■ INPUT DATA
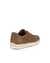 Men's ECCO® Byway Nubuck Sneaker - Brown - Back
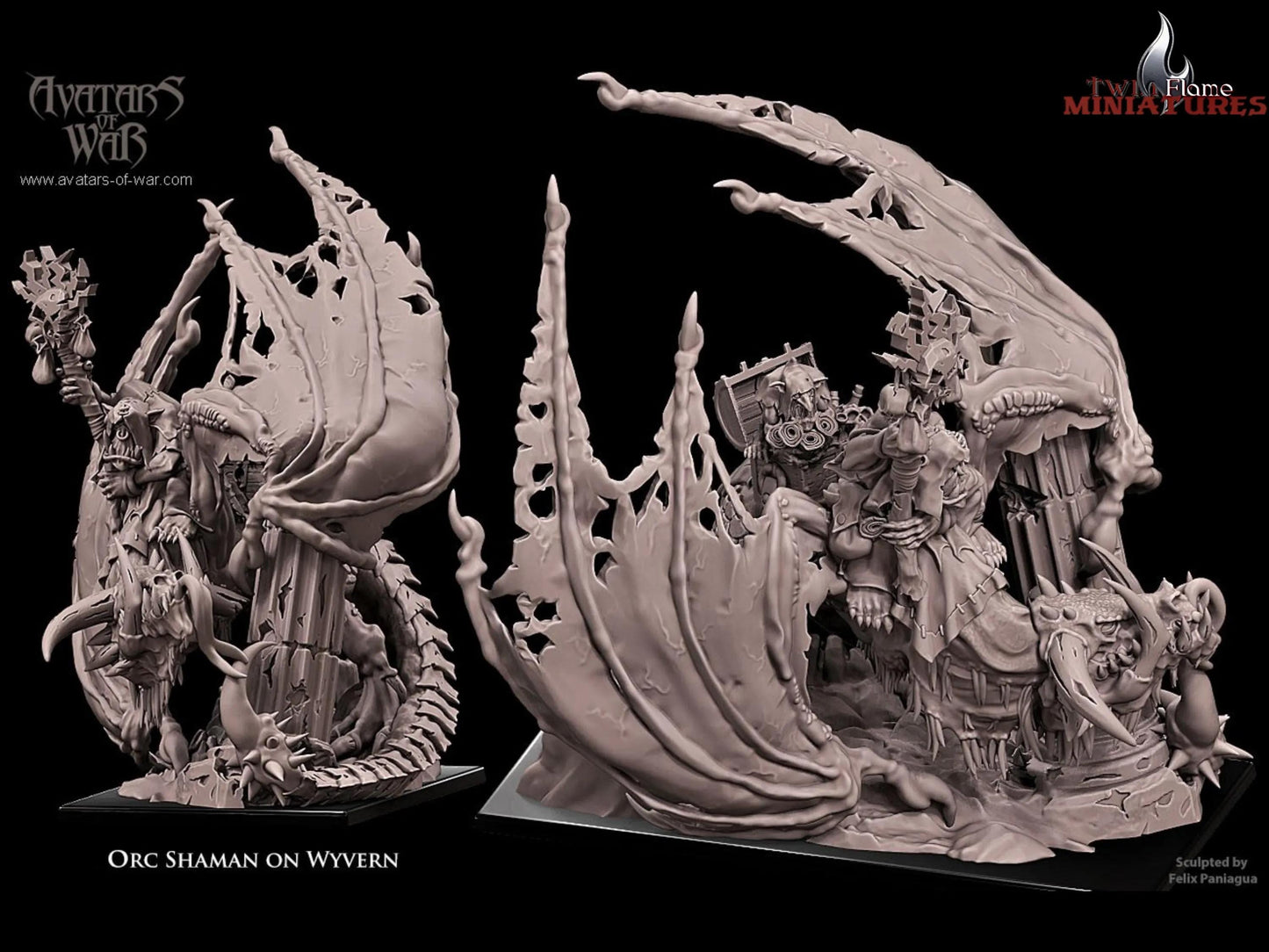 Orc Shaman on Wyvern Mount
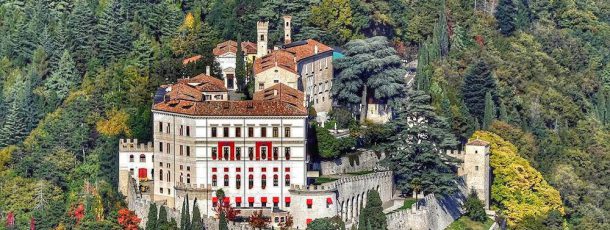 Venez découvrir cet incroyable chateau dans la région de Veneto !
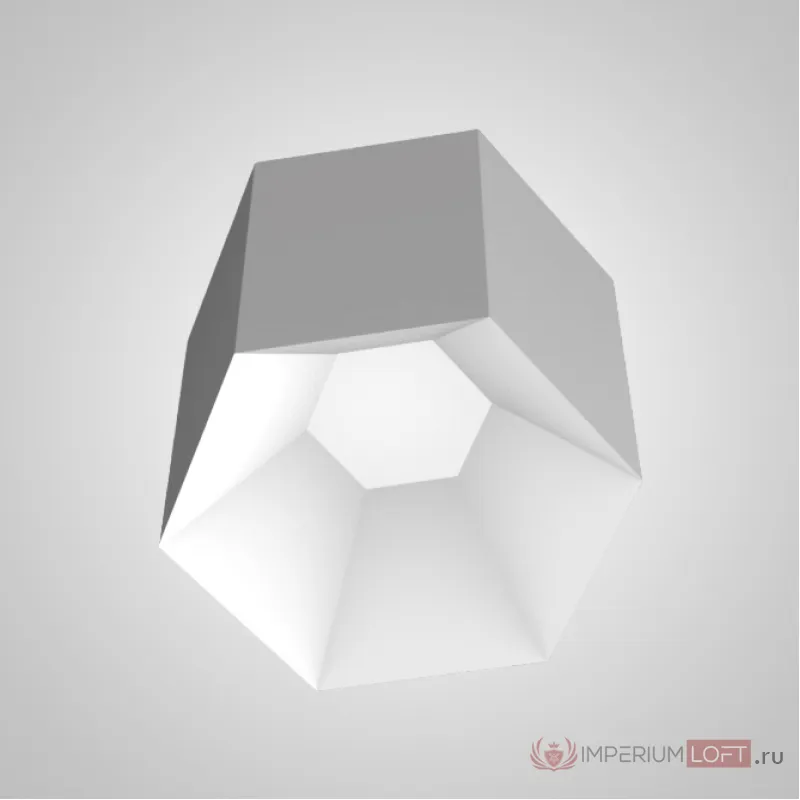 Потолочный светильник HEXAGON B H15 White от ImperiumLoft
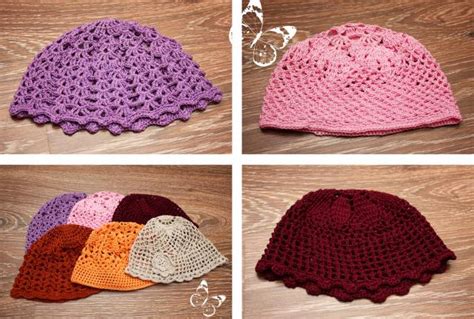 Nertos vaikiškos kepurytės su įvairiais raštais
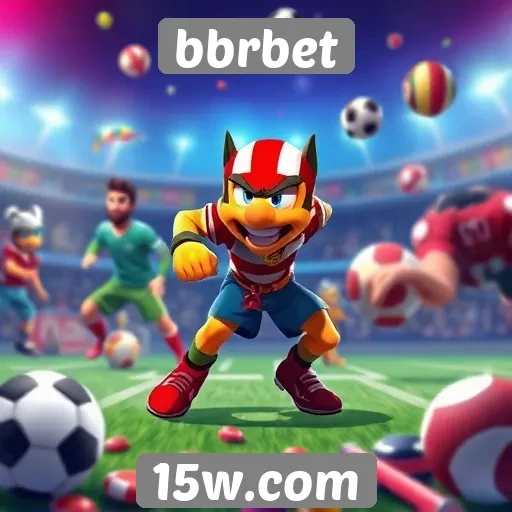 Análise de jogos populares no site bbrbet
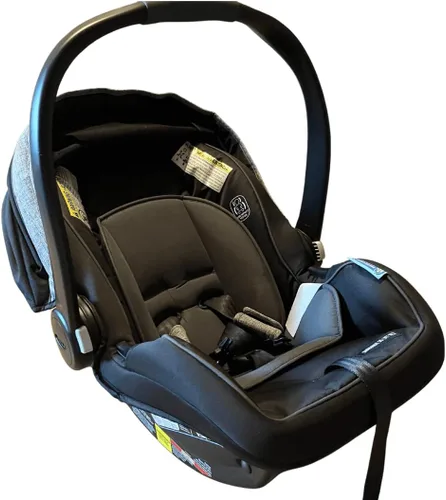 Vista 4 de Buckle Boss® Transit para asientos comunes Graco (solo protector de cinturón de seguridad) Fundas de botón de cinturón de seguridad orientadas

■ EXERCISE BRIEF
Output exactly and only the lines from the line containing "Análise de jogos populares no site bbrbet" to the end of the entries, both included, and omit every picture.

■ RESULT OF THIS TASK
 Análise de jogos populares no site bbrbet
 Vista 4 de Buckle Boss® Transit para asientos comunes Graco (solo protector de cinturón de seguridad) Fundas de botón de cinturón de seguridad orientadas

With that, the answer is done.